European Union (EU) referendum decision day is almost upon us and no-one truly knows what the implications of an exit from the EU will have on businesses or our day-to-day lives.
We can take an educated guess though, so here are some of the ways an EU exit could potentially impact small businesses in the UK.
What is an EU exit?
The UK is currently part of the EU, a politico-economic union of 28 member states across Europe that enjoy freedom of trade and movement of workers. These trading rules also apply across the wider European Economic Area (EEA), which includes Norway, Iceland and Lichtenstein.
On June 28, 2016, the UK will held a referendum to decide whether or not the UK should remain as part of the EU – and we all know the result…
How does EU membership benefit UK small businesses?
EU membership means small businesses can move goods and services across both the EU and EEA without paying any customs duties, a system which opens up greater opportunities for small businesses to trade across the continent.
It’s estimated that being part of the EU has increased trade between the UK and some European countries by as much as 50%
This trade arrangement provides a standardised set of rules when it comes to customs procedures and this reduces a lot of the paperwork and admin faced by businesses doing business internationally.
If this freedom of movement is removed, not only will it make it more difficult for UK businesses to trade across Europe, it’ll also mean there’s more red tape to negotiate.
There is also free movement for all workers across the EU, which means talent can be brought in from a much bigger pool than if businesses were restricted to only employing UK nationals, else encounter more red tape.
How does EU membership hold back UK small businesses?
Current EU regulations on patents are strict and this can stifle innovation and hold back industries trying to enter new markets and attract new customers. It’s believed an EU exit will instantly see much of this red tape removed and allow imaginative small businesses to prosper.
The UK pays an annual net contribution of around £8.6 billion – that’s more than £23 million per day – to be a member of the EU, money which the pro-leave campaign argue could be invested directly back into UK small businesses to help both new start-ups and existing businesses.
While it would never be a simple case of splitting this money between all small businesses, the suggestion is that there would be more money to go around.
How does EU membership benefit UK consumers?
EU health and safety legislation means that any products designed and sold within the EU must adhere to strict safety regulations and stand up to scrutiny under stringent quality control, which means it’s harder for companies to cut corners and sell unsafe goods to turn a profit.
If UK companies no longer have to meet these stringent safety regulations we could see businesses selling sub-standard, even dangerous, merchandise. This issue could impact a number of manufacturing industries, but farmers and food distributors have voiced their concern regarding an array of chemicals, preservatives and farming methods, that are currently banned in the UK, but not in the USA. With a UK exit from the EU, the entire industry and food processing itself, could be changed drastically.

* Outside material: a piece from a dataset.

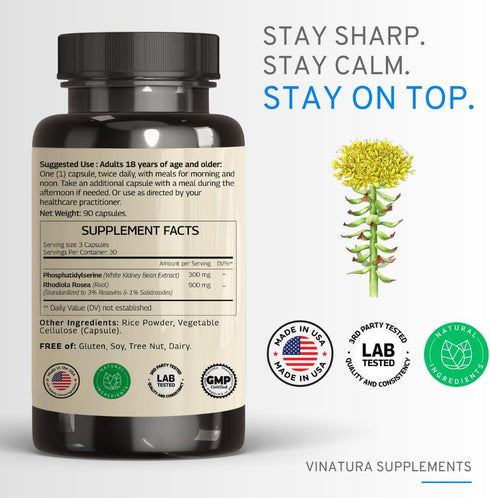 PhosphatidylSerine Rhodiola Rosea 1200mg per Serving, 3% Rosavins & 1% Salidrosides - Calm, Brain Booster, Brain Supplements for Memory and Focus ...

So what will an EU exit mean for UK small businesses?
It’s impossible to say whether UK small businesses will sink or swim if the ‘leave’ campaign is successful, as there are pros and cons for each eventuality – it really is a trip into the unknown.
The Open Europe think tank has estimated that while an EU exit could see UK Gross Domestic Product (GDP) grow by 1.6% by 2030, it also forecasts a worst-case scenario could cost the UK 2.2% of its GDP.
There are so many potential implications for UK businesses that could be impacted by either staying in, or voting out of the EU.
For example the EU data protection rules that became law in 2018 affected everyone in the EU. If we leave the EU, it could mean less restrictions on data – great for people working in digital marketing like myself (it’s much easier to target specific buyer-personas and demographics when I manage USA accounts vs UK ones), but is this in the interest of the consumers and internet-users?
This is one example of how subjective things can easily get. As a business owner you may prefer ‘looser’ laws around data, but the general public may not. To put this into context, let’s say you own a vegan food shop in Manchester, stricter EU laws make it more difficult to target vegans living in specific parts of Manchester…
One thing’s for sure, Brexit appears to be having a very positive impact on UK tourism and with more Brits likely to stay at home this summer, thanks to the push by protesters concerned with global warming; there could be a real boom in the industry.